В ту минуту тегри положил меня в табакерку, спрятал ее у себя за пазухой и плотно затянул халат, чтоб я не вылезла: я не могла более сказать ни слова в свою защиту. Умный человек должен был, по книге Хормузды, родиться того же числа; мать его была вдова, и в тот день кончилось ровно семь месяцев от смерти ее супруга. Но мой увалень, тегри, останавливаясь по своему обыкновению у всякого дерева, чтоб рвать небесные орехи, и отдыхая на каждом облаке по нескольку недель, пробыл целых семнадцать месяцев в дороге и пришел со мною в дом вдовы ровно через два года по смерти мужа. Тогда только разрешилась она от бремени умным человеком. Весь город выпялил глаза от изумления: люди заговорили о том как о необыкновенном происшествии, и многие стали кричать против соблазна, против порчи нравов. Что значит не понимать великой тайны орчилан и хубильган! Если б все люди были калмыками, они отнюдь не удивлялись бы этому и о всяком подобном случае с сокрушенным сердцем сказали бы только: «Ом-мани-бад-ме-хум!» Более и сказать нечего.

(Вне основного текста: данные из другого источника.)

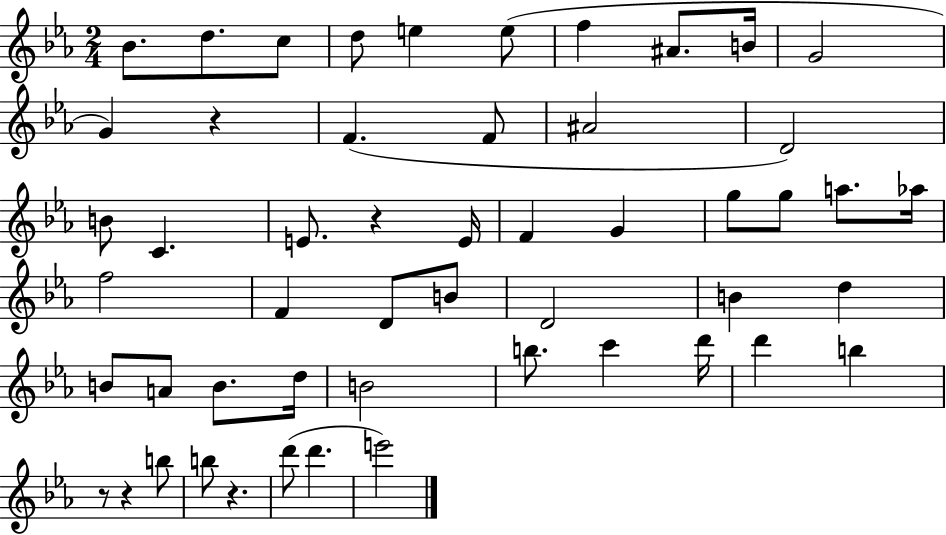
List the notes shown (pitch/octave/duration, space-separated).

Bb4/e. D5/e. C5/e D5/e E5/q E5/e F5/q A#4/e. B4/s G4/h G4/q R/q F4/q. F4/e A#4/h D4/h B4/e C4/q. E4/e. R/q E4/s F4/q G4/q G5/e G5/e A5/e. Ab5/s F5/h F4/q D4/e B4/e D4/h B4/q D5/q B4/e A4/e B4/e. D5/s B4/h B5/e. C6/q D6/s D6/q B5/q R/e R/q B5/e B5/e R/q. D6/e D6/q. E6/h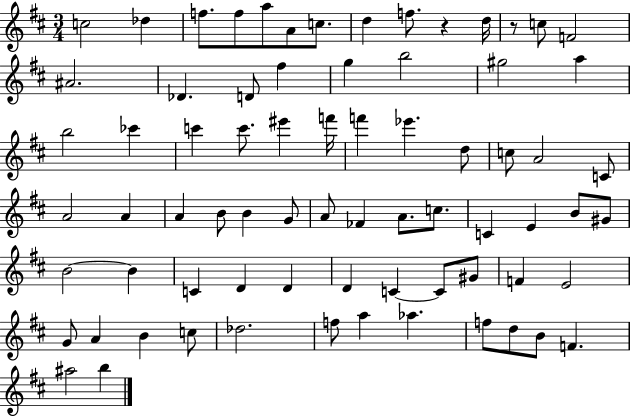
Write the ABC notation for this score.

X:1
T:Untitled
M:3/4
L:1/4
K:D
c2 _d f/2 f/2 a/2 A/2 c/2 d f/2 z d/4 z/2 c/2 F2 ^A2 _D D/2 ^f g b2 ^g2 a b2 _c' c' c'/2 ^e' f'/4 f' _e' d/2 c/2 A2 C/2 A2 A A B/2 B G/2 A/2 _F A/2 c/2 C E B/2 ^G/2 B2 B C D D D C C/2 ^G/2 F E2 G/2 A B c/2 _d2 f/2 a _a f/2 d/2 B/2 F ^a2 b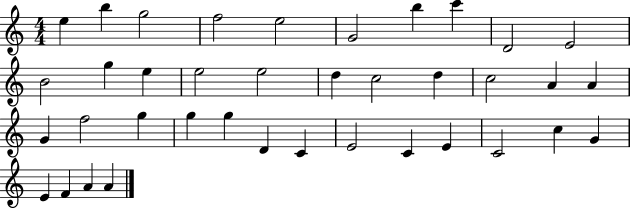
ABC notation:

X:1
T:Untitled
M:4/4
L:1/4
K:C
e b g2 f2 e2 G2 b c' D2 E2 B2 g e e2 e2 d c2 d c2 A A G f2 g g g D C E2 C E C2 c G E F A A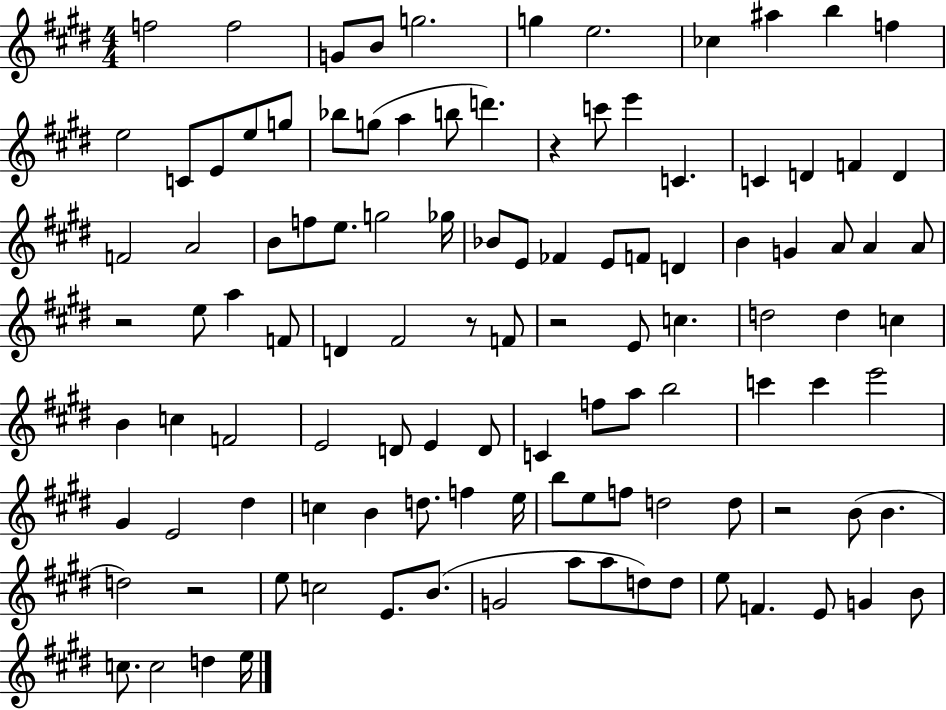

Вот я опять в людской голове и опять в борьбе с человеческим мозгом и, сверх того, должна без ума изворачиваться так искусно, чтоб вес сказали, что она умная голова. Задача была необыкновенно трудная: я решила ее очень счастливо. Как скоро мой человек достиг приличного возраста, общими силами начали мы с ним работать на ум. Я играла на его мозговых органах – он врал, льстил, ползал, подличал; я играла далее – он ползал, подличал, отпускал высокопарные фразы и закутывался в непроницаемую таинственность; я играла еще сильнее, еще громче – он закутывался в таинственность и называл всех дураками, и твердил с неподражаемою уверенностью, с глубоким торжественным убеждением, что у него ума пропасть, что он не знает, куда его девать, что он лопнет от ума, ежели не поделится им с другими. Я все еще играла; он все твердил то же, так что наконец все головы наполнились звуком нашего дуо, весь город зашумел музыкою нашей бесконечной песни. Я сделала ужасного шарлатана; люди сказали: «Ах, какой умный человек!»

Бедные люди отнюдь не догадывались, что не они это говорили, а только их головы, назвученные нашею песнею, независимо от их воли просто повторяли собственные наши слова, как пещеры повторяют эхо. Но как эти слова выходили из их уст, они принимали их за голос своего убеждения, и мы с человеком прослыли у них удивительными умницами.